# general rat questions.



## blubell (Nov 22, 2010)

My dad turned up tonight with a cage and 2 baby rats... Adorable!!! 
There only 6 weeks though, is that old enough to leave mum?? They are eating and drinking and are generally all over the place playing. 

BUT my dad didn't think and got me a male and a female, and as i don't want loads of babies running around, a trip to the vets for him will be happening! 

I was wondering what the best treats and toys would be for them? 

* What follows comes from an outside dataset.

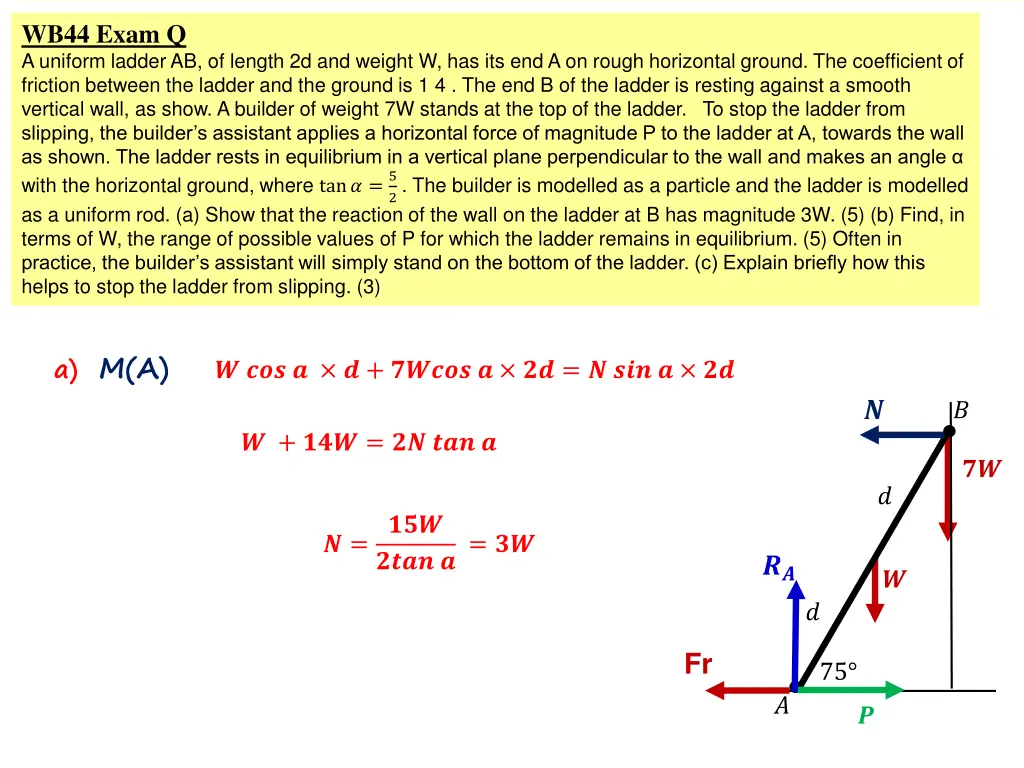 wb44 exam q a uniform ladder ab of length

Also what is she going to look like, she has courser hair than him, and a bit longer and she is half cotton rat or something. (the ones with cotton like long hair) Or a husky rat or something. Is she going to have long hair? He's blue and has short hair and is very soft.


----------



## thedogsmother (Aug 28, 2008)

You need to seperate them now, they can breed at the age they are now . I cant work out from your description what coat type they have, males are usually coarser haired than females but at their age they should both be pretty soft furred, rex coats are pretty soft, they are a sort of wavy coat. Any pics ?


----------



## Faythy (Nov 15, 2011)

Mind if I tag along for this thread? I've just bought a rat cage, so need the rats lol but I'm after fitting out the cage and buying all the bits and pieces first so your question would help me.

I'd also like to know of any ideas for dust free bedding and where's the cheapest to get it from in peoples opinion. I can't wait til the cage is kitted out but I don't think it'll happen til at least next month. You're soooo lucky having yours now lol.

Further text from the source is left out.